(Captioned web images)
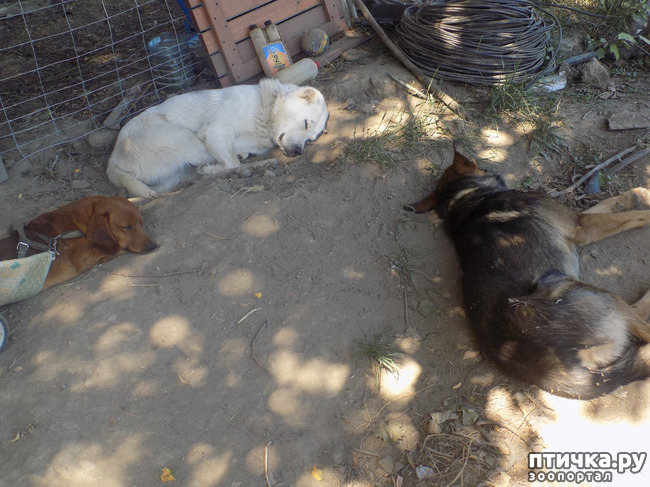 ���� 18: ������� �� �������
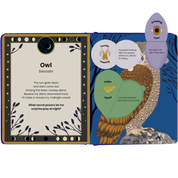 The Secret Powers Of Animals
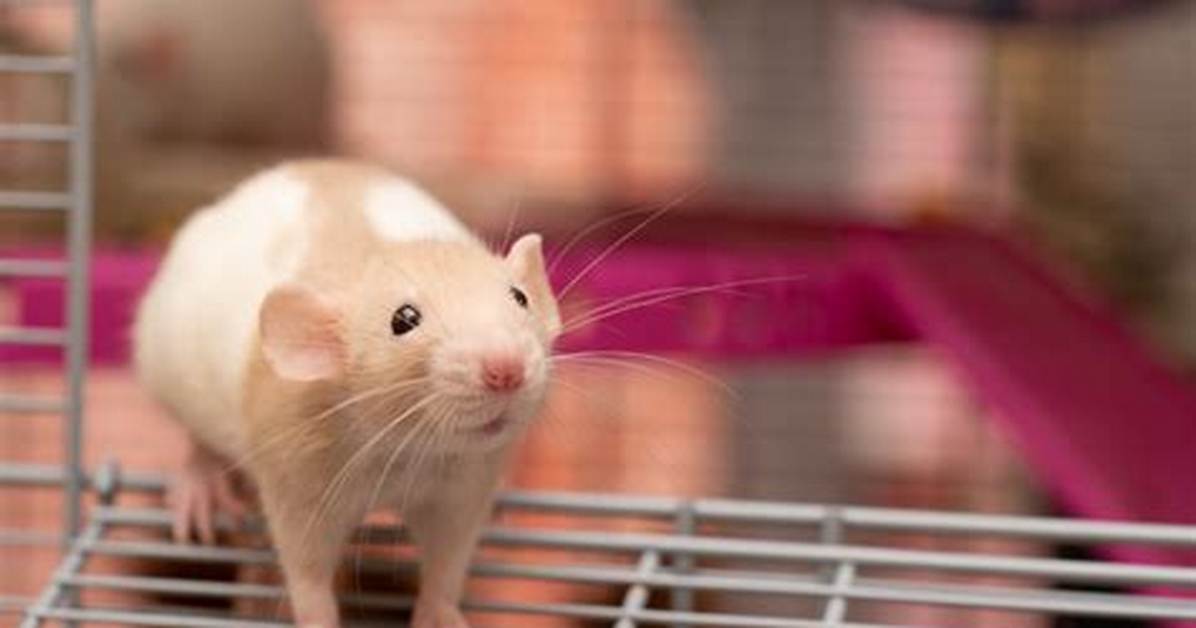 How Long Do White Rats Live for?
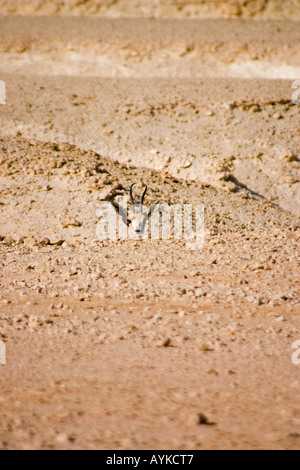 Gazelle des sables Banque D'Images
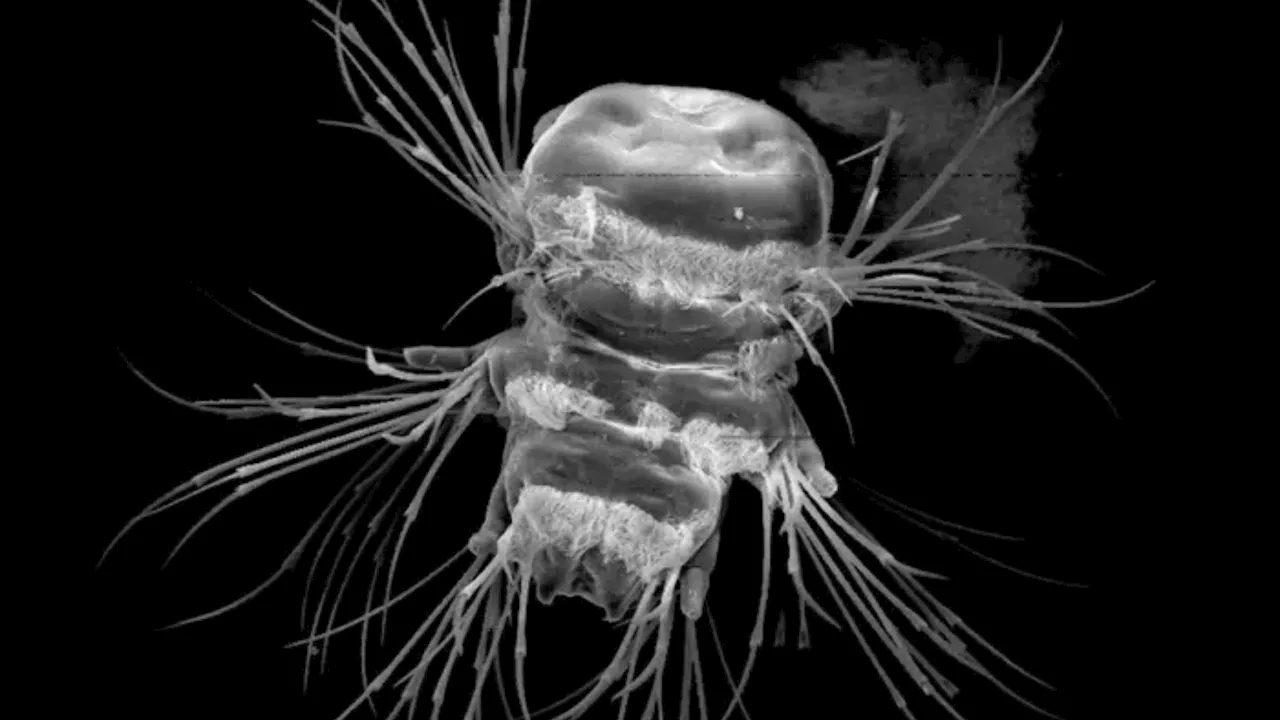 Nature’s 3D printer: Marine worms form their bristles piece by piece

● WHAT TO DO
From the line containing "How Long Do White Rats Live for?" down to the last line of the entries above, retype each line exactly as it stands, but skip the pictures.

● SOLUTION FOR THIS PROBLEM
 How Long Do White Rats Live for?
 Gazelle des sables Banque D'Images
 Nature’s 3D printer: Marine worms form their bristles piece by piece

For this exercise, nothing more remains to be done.